▶ [Activity]:
The answer must be only the lines below from the one holding "Briancon. Fransa 'nın" down to the one holding "imageGRACE KARIN Jumpsuits", ends included, printed exactly; please omit all pictures.

▶ [Data for processing]:

------------------------------

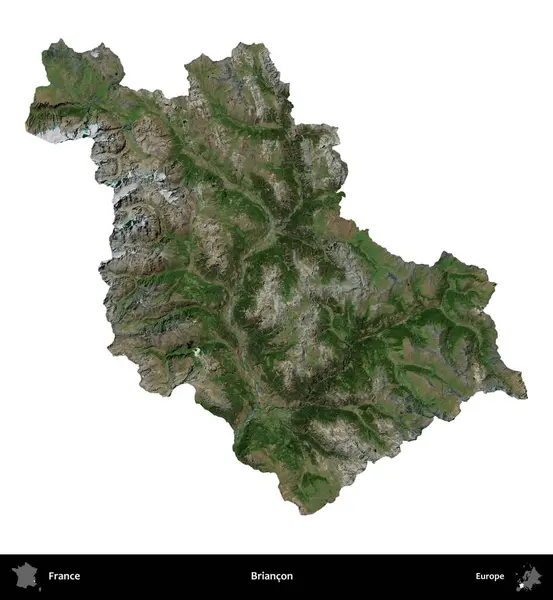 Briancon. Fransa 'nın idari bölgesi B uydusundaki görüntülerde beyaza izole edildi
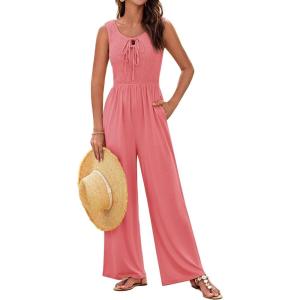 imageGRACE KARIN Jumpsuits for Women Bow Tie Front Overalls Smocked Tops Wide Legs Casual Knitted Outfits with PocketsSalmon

------------------------------

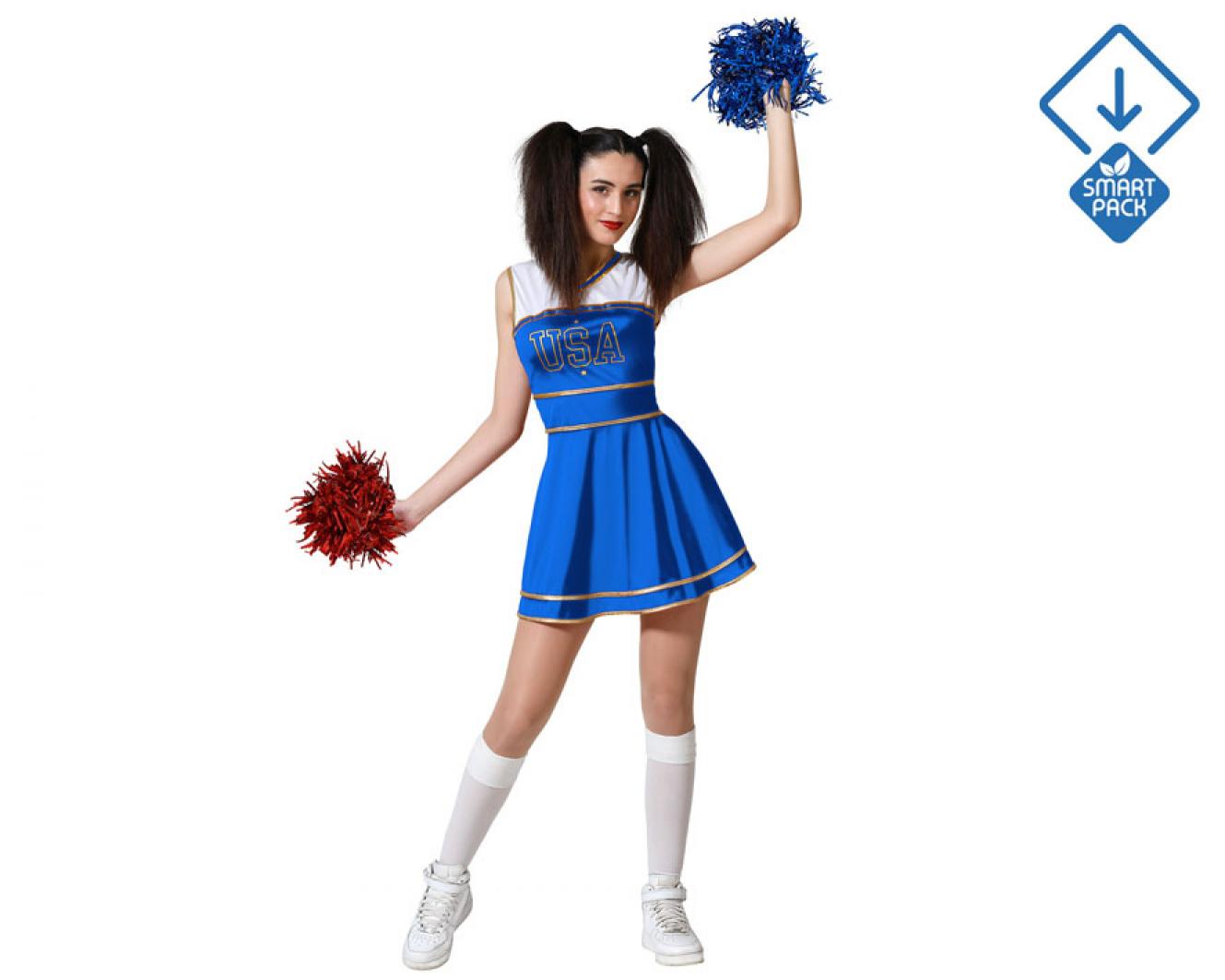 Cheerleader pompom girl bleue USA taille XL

------------------------------

▶ [Task result]:
 Briancon. Fransa 'nın idari bölgesi B uydusundaki görüntülerde beyaza izole edildi
 imageGRACE KARIN Jumpsuits for Women Bow Tie Front Overalls Smocked Tops Wide Legs Casual Knitted Outfits with PocketsSalmon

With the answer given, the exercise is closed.